The discussion over Boston’s housing issues came to a head at a City Council hearing on Monday, as housing advocates, residents, landlords, and representatives from Greater Boston’s real estate industry sparred over a proposed ordinance that would require landlords to have a “just cause” to evict tenants.
At the hearing, many supporters of the ordinance held neon signs calling for “just cause now,” and their opponents wore stickers marking them as “owners.” According to Lisa Owens Pinto, executive director of the housing advocacy group City Life/Vida Urbana, the ordinance proposal is a reaction to building clear-outs and resident displacement, which she said are on the rise as real estate development moves into neighborhoods like East Boston, Dorchester, and Chinatown.
“The city has spoken once again — these building clear-outs have real effects,” Owens Pinto told the council Monday night.
The ordinance push has been spearheaded by Boston’s Right 2 Remain Coalition, a partnership of advocacy groups like City Life and neighborhood and labor union groups. Maria Christina Blanco, a community organizer at City Life, said the ordinance would have three main functions: prevent banks from evicting tenants in foreclosed homes; stop “building flipping,” a process by which a landlord will buy a building, clear out its occupants and flip it for profit; and collect much-needed data by requiring landlords to inform the city when they evict a tenant and why, something the city does not currently track.

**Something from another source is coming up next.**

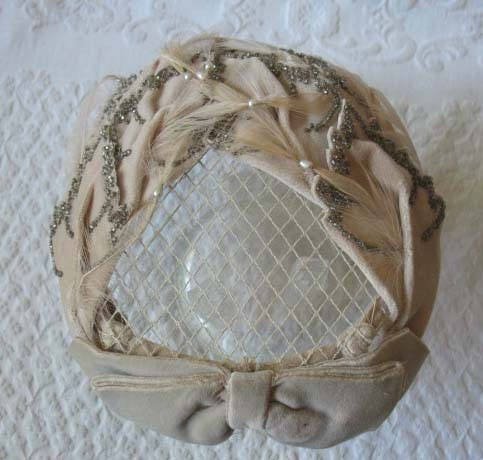 Vintage Bridal Wedding Cocktail Hat Fascinator Toque Eggshell 1950's New Elegant Looking style  Mid Century  Retro Party WhenRosesBloom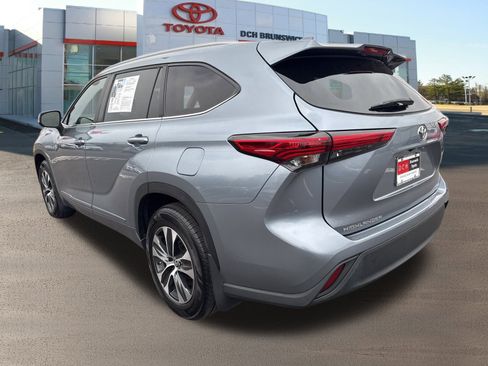 Used 2023 Toyota Highlander XLE image 10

Informing the city would also allow housing advocates to provide legal information and resources to those displaced by eviction, Blanco said. The ordinance would not apply to small landlords, defined as those who live in their building and manage fewer than five units.
“There are plenty of strategies you can use to address housing problems, but you really can’t do it without addressing displacement. This ordinance targets the bigger forces that are the drivers of displacement,” she said.
Representatives from the real estate industry argued before the council that there are already enough legal protections in place for Boston’s renters, and that a new ordinance might create an unwelcoming environment for housing developers. Gilbert Winn of the Greater Boston Real Estate Board said that while he agrees displacement is troubling, there needs to be a coalition of public and private groups to put forth a solution.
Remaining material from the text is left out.